In Fernandez v. American Sugar Refining, Inc., 2025 WL 2294879 (E.D.La. Aug. 8, 2025), the court, inter alia, discussed and applied the “administrative exhaustion” requirement applicable to claims asserted under Title VII of the Civil Rights Act of 1964.
Initially, the court held that plaintiff did not administratively exhaust the sex-based discrimination claim:
Defendant contends aspects of Fernandez’s Title VII claim are not exhausted and, therefore, fail as a matter of law. An employment discrimination plaintiff must exhaust administrative remedies before pursuing claims in federal court. Taylor v. Books A Million, Inc., 296 F.3d 376, 378–79 (5th Cir. 2002). Exhaustion occurs when the plaintiff files a timely charge with the EEOC and receives a statutory notice of right to sue. Id. (citation omitted). Claim exhaustion, however, is circumscribed by the EEOC charge, which courts construe “in its broadest reasonable sense and ask whether the claim ‘can reasonably be expected to grow out of the charge of discrimination.’ ” Davenport v. Edward D. Jones & Co., L.P., 891 F.3d 162, 167 (5th Cir. 2018) (quoting Sanchez v. Standard Brands, Inc., 431 F.2d 455, 466 (5th Cir. 1970)). “Although verbal precision and finesse in the charge are not required, a Title VII lawsuit can include only those allegations that are like or related to those allegations contained in the EEOC charge and growing out of such allegations during the pendency of the case before the Commission.”

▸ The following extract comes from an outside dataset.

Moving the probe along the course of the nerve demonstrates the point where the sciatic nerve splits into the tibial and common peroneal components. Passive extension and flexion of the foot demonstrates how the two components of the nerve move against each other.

Plaintiffs attach Fernandez’s Right to Sue letter to their Complaint. (Rec. Doc. 1-2). To its instant motion, Defendant attaches Fernandez’s Charge of Discrimination. (Rec. Doc. 18-2). A court may take judicial notice of EEOC documents as a matter of public record when deciding a Rule 12(b)(6) motion. See Cinel v. Connick, 15 F.3d 1338, 1343 n.6 (5th Cir. 1994). Thus, this Court’s reference to EEOC documents does not convert Defendant’s motion into a motion for summary judgment. See Funk v. Stryker Corp., 631 F.3d 777, 780 (5th Cir. 2011).

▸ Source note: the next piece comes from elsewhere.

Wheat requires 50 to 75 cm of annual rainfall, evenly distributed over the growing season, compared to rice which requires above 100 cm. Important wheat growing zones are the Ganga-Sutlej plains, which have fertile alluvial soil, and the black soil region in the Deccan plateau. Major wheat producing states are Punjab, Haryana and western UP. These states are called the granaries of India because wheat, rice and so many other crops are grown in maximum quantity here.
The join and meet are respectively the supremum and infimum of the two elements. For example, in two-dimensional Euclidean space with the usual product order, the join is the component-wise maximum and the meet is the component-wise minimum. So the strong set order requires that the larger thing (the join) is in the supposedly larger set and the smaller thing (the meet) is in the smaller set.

In his EEOC charge, Fernandez lists “Disability, Race, [and] Retaliation” as bases of his complaint. (Rec. Doc. 18-2 at 2). Specifically, Fernandez alleges that racial discrimination led to his being given “a made-up job” so that he be excluded from White coworkers, that coworkers asked his opinion about a video entitled “N*****s for Trump,” that after Fernandez complained about false stories regarding his mental health he was required to undergo a mental evaluation, and that fellow coworkers generally did not want to work with him because of his race. Id. at 2–3. Plainly, any allegation of sex-based discrimination is absent in Fernandez’s allegations. Accordingly, sex-based discrimination cannot reasonably be expected to grow out of the EEOC charge, leading to the dismissal of that aspect of Fernandez’s instant claim for failure to exhaust.

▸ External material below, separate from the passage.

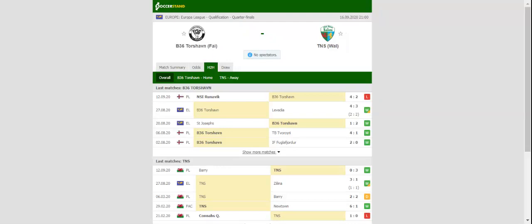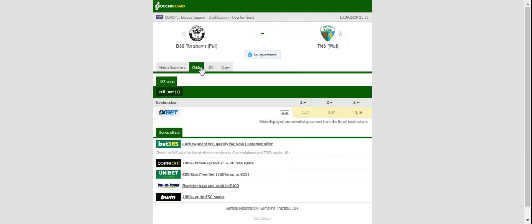A place in the Europa League third qualifying round will be at stake when B-36 Torshavn and TNS face each other at Gundadalur on Wednesday evening. B-36 have been performing above expectations in the qualifiers with the team beating the likes of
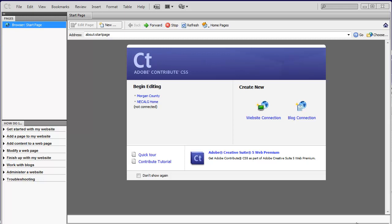In this video, I want to give you a quick overview of how to use Contribute to update your site. Contribute is a software program that needs to be purchased and installed on your computer, and then set up to access your site, and we can help all our clients do that if they choose to go this route.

The court reached a different conclusion, however as to plaintiff Fernandez’s hostile work environment and harassment claims:
Hostile work environment and harassment, however, present closer questions. Assuredly, neither are explicitly mentioned as a basis for the EEOC charge. “To state a hostile work environment claim under Title VII, the plaintiff must show that: (1) the victim belongs to a protected group; (2) the victim was subjected to unwelcome harassment; (3) the harassment was based on a protected characteristic; (4) the harassment affected a term, condition, or privilege of employment; and (5) the victim’s employer knew or should have known of the harassment and failed to take prompt remedial action.” EEOC v. WC&M Enters., Inc., 496 F.3d 393, 399 (5th Cir. 2007) (citation omitted). The Supreme Court has described such harassment as “sufficiently severe or pervasive to alter the conditions of the victim’s employment and create an abusive working environment[.]” Harris v. Forklift Sys., 510 U.S. 17, 21 (1993) (quotation omitted). This measure is assessed both subjectively and objectively. Id. at 22–23. Objective factors include “the frequency of the discriminatory conduct; its severity; whether it is physically threatening or humiliating, or a mere offensive utterance; and whether it unreasonably interferes with an employee’s work performance.” Id. at 23.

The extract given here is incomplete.